#### ACTION ITEM:
Within the entries below, the lines from the one with "Year 2013 2014" through the one with "万博後もキャッシュレスを導入する意向" are to be set down exactly, both ends kept.

#### TASK INPUT:
◆ ◆ ◆

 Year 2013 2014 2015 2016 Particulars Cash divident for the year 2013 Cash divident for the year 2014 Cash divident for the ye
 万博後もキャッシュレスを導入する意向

◆ ◆ ◆

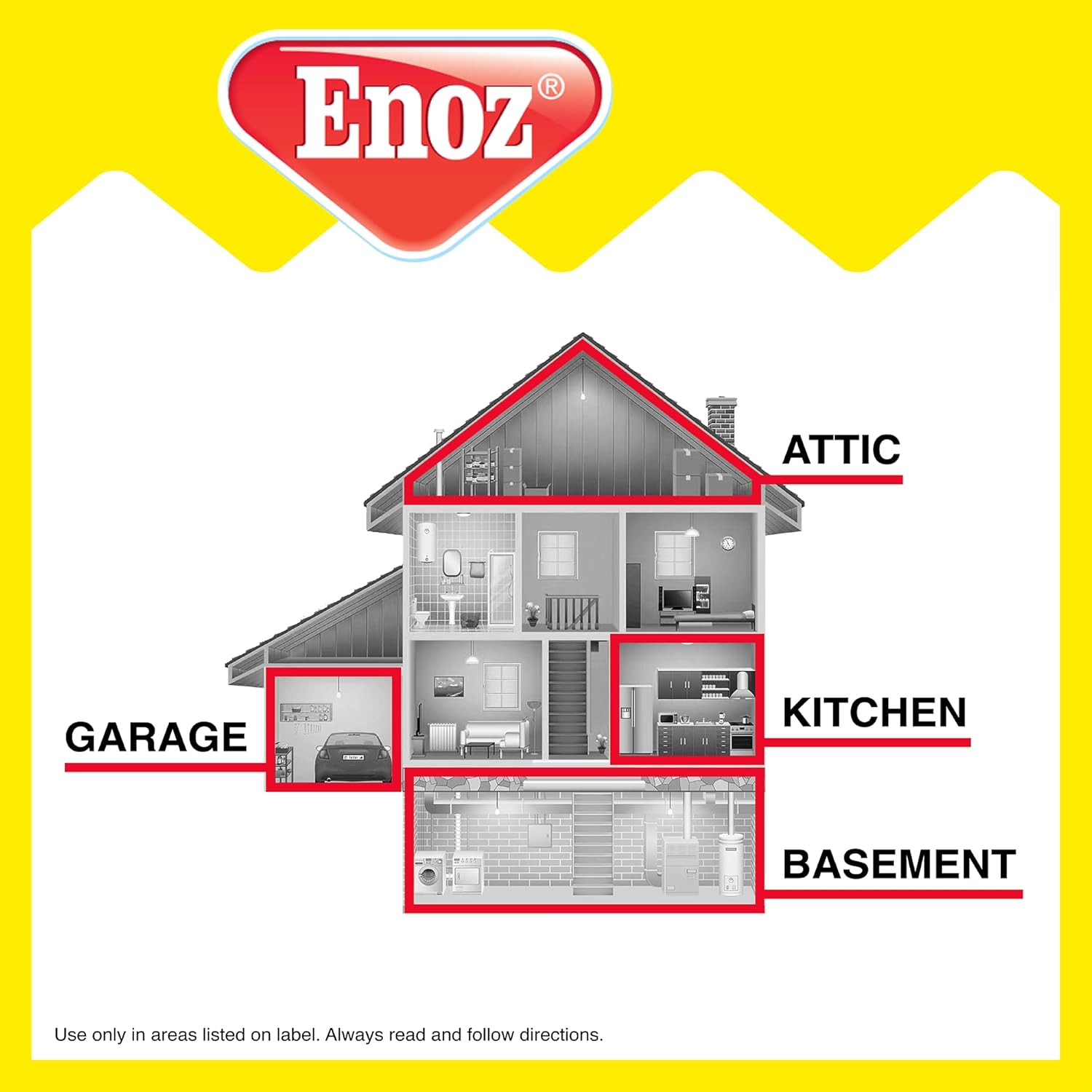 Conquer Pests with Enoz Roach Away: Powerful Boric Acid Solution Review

◆ ◆ ◆

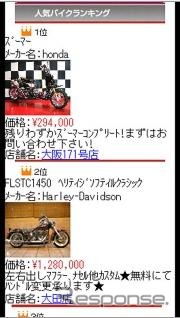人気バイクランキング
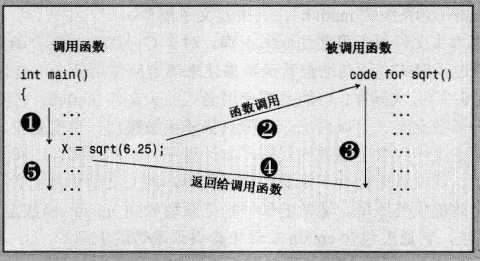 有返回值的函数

◆ ◆ ◆

#### TASK ANSWER:
 Year 2013 2014 2015 2016 Particulars Cash divident for the year 2013 Cash divident for the year 2014 Cash divident for the ye
 万博後もキャッシュレスを導入する意向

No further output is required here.